◆ Assignment ◆
Copy every record exactly, leaving the pictures out.

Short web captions
▬▬▬
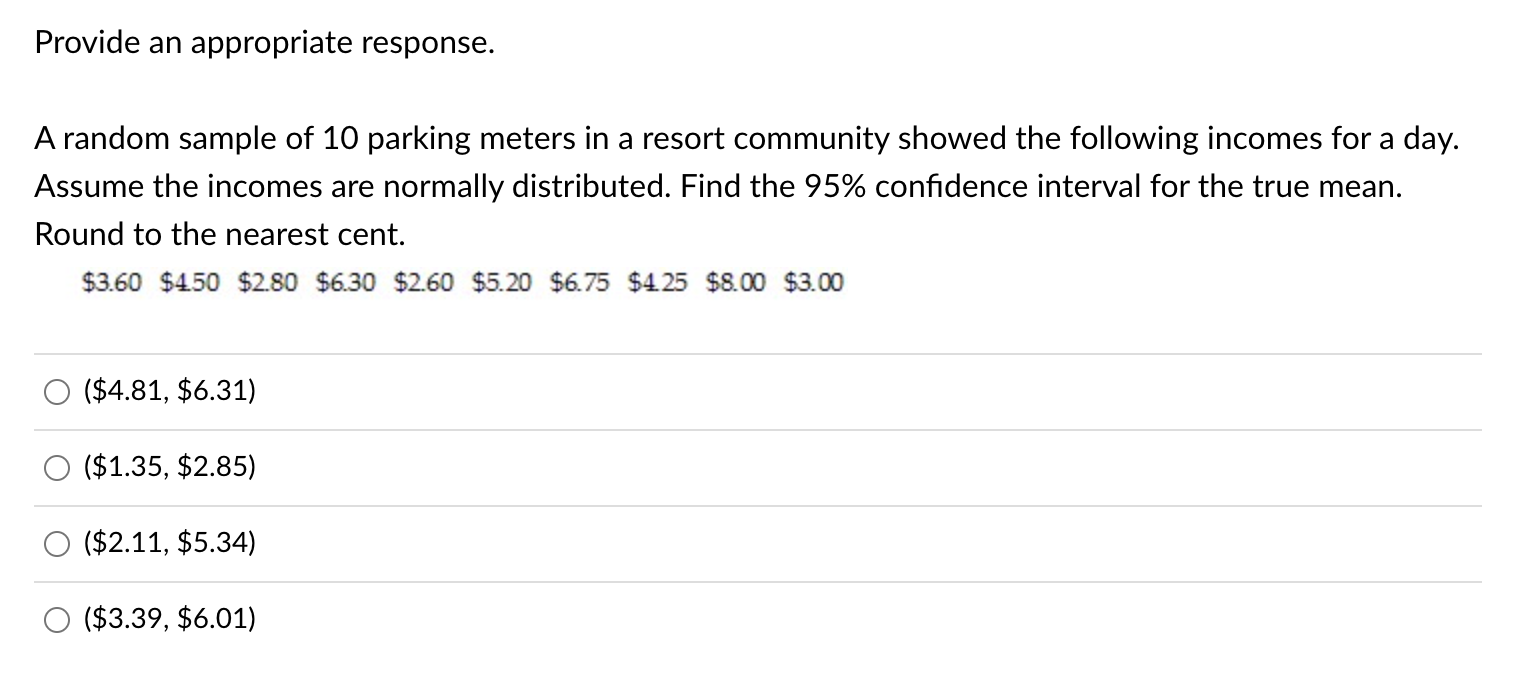 Q10 Answer All The Following Questions A C Based On Your Confidence Interval Can You Say That The Mean Average Parkin 1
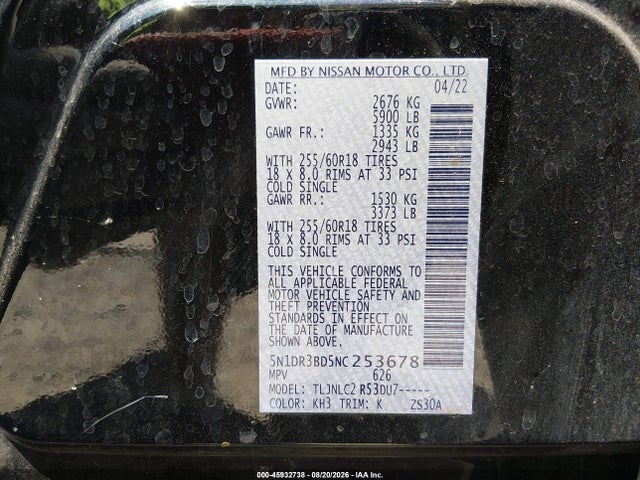 Aukcja sprzedaży 2022 Nissan Pathfinder Sv 4wd, vin: 5N1DR3BD5NC253678, numer aukcji: 45932738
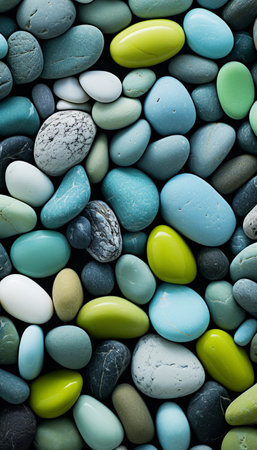 Background of green sea pebbles. Summer vacation concept , Generate AIの素材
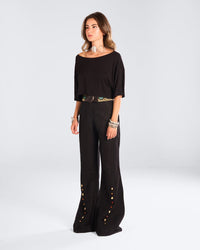 Black Jewel Linen Flared Pants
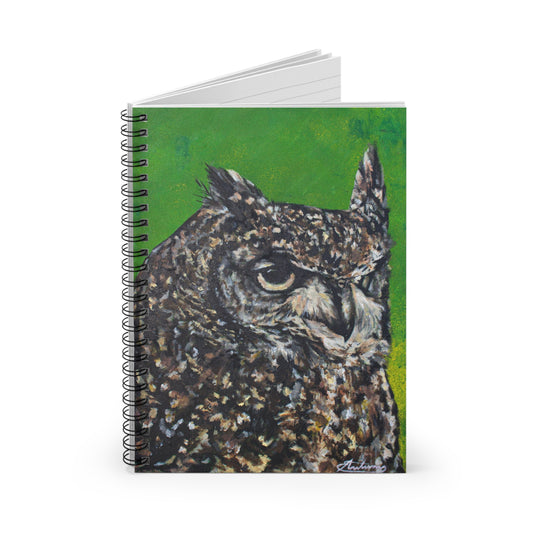 African Spotted Eagle Owl Spiral Notebook - Ruled Line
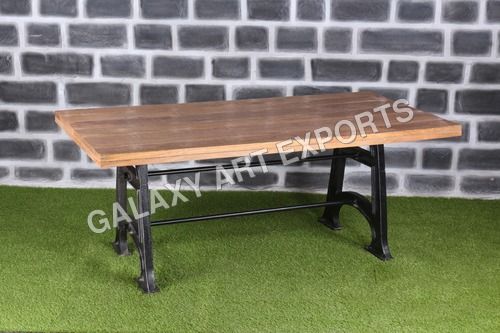 Mango Wood Top with Trestle Legs Iron Base Kids Dining Table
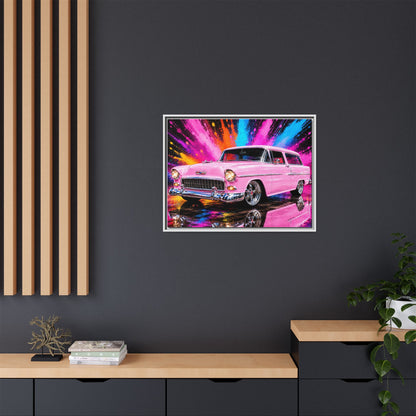 Pink Classic Station Wagon Canvas Print — Retro Car Wall Art, Framed Matte Multi‑Color Splash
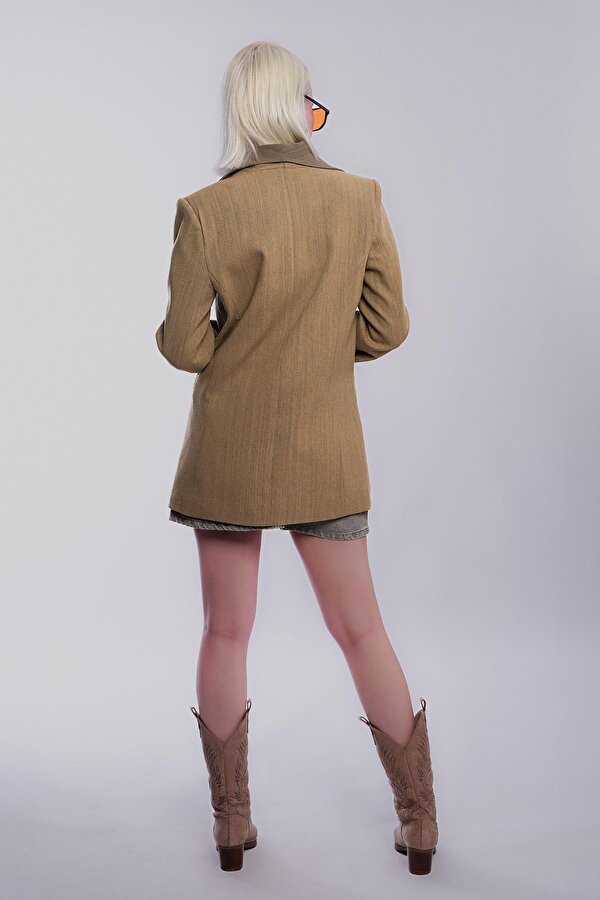 Haki Bağlama Detaylı Blazer Kadın Ceket Mg2482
▬▬▬
◆ Answer space ◆
 Q10 Answer All The Following Questions A C Based On Your Confidence Interval Can You Say That The Mean Average Parkin 1
 Aukcja sprzedaży 2022 Nissan Pathfinder Sv 4wd, vin: 5N1DR3BD5NC253678, numer aukcji: 45932738
 Background of green sea pebbles. Summer vacation concept , Generate AIの素材
 Black Jewel Linen Flared Pants
 African Spotted Eagle Owl Spiral Notebook - Ruled Line
 Mango Wood Top with Trestle Legs Iron Base Kids Dining Table
 Pink Classic Station Wagon Canvas Print — Retro Car Wall Art, Framed Matte Multi‑Color Splash
 Haki Bağlama Detaylı Blazer Kadın Ceket Mg2482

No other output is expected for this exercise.